Chemring is being eyed up by private equity, with American firm Bain Capital reportedly tabling a $1.4bn (£1.1bn) bid for the manufacturer on Monday, causing its shares to spike.
But should the sector’s strong start to the year ward off investors hoping to see further gains?
Russ Mould, investment director at AJ Bell and regular Questor columnist, says: “There are three avenues of potential revenue open to defence contractors. First, there is equipment for sale domestically and to European partners. Second, there are service and maintenance revenues from kit already sold and then kit that will be sold.
“Finally, there is scope to sell worldwide. The US and Russia are tussling to sell F-35s to India, and Europe does not seem to be getting a look in there.

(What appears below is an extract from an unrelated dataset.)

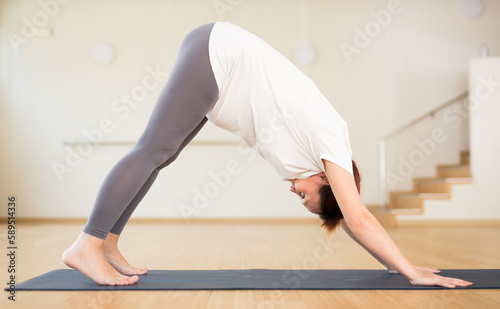Pregnant woman is engaged in yoga. Downward Dog Pose or Adho Mukha Svanasana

But BAE Systems is a major player in the US and is already raking in orders via the Australia-UK-US defence partnership, notably via the sale of nuclear submarines and Hunter frigates to Australia.”
There is no shortage of demand for BAE Systems’ services, with the firm enjoying a record order backlog of almost £78bn, three times its 2024 sales figures, which stood at £28.3bn. For 2025, this figure is forecast to rise to £30bn.
Mr Mould adds: “That sort of visibility may appeal to investors, during these uncertain times, whether the shares have already done well or not. But BAE’s shares now trade at nearly 19 times forward earnings for 2025. That is a premium of more than 30pc to the FTSE 100, so investors are having to pay up for the backlog and visibility of earnings.
“As such, the easy money may have been made by those who bought when ESG investing meant BAE was beyond the pale for many, but the manner in which share price gains and British and European strategic announcements may flush out a bid for Chemring suggests there could still be opportunities for investors to research.”
Despite entrenched ESG trends, there are funds on offer for investors seeking exposure to defence stocks, says Darius McDermott, managing director of fund research firm FundCalibre.
“While many funds tend to avoid defence stocks due to ESG criteria, The City of London Investment Trust holds BAE Systems as one of their largest stocks. Investors who want a purer play on defence may wish to consider HANetf’s Future of Defence fund, which combines traditional defence names with cyber security stocks as well.”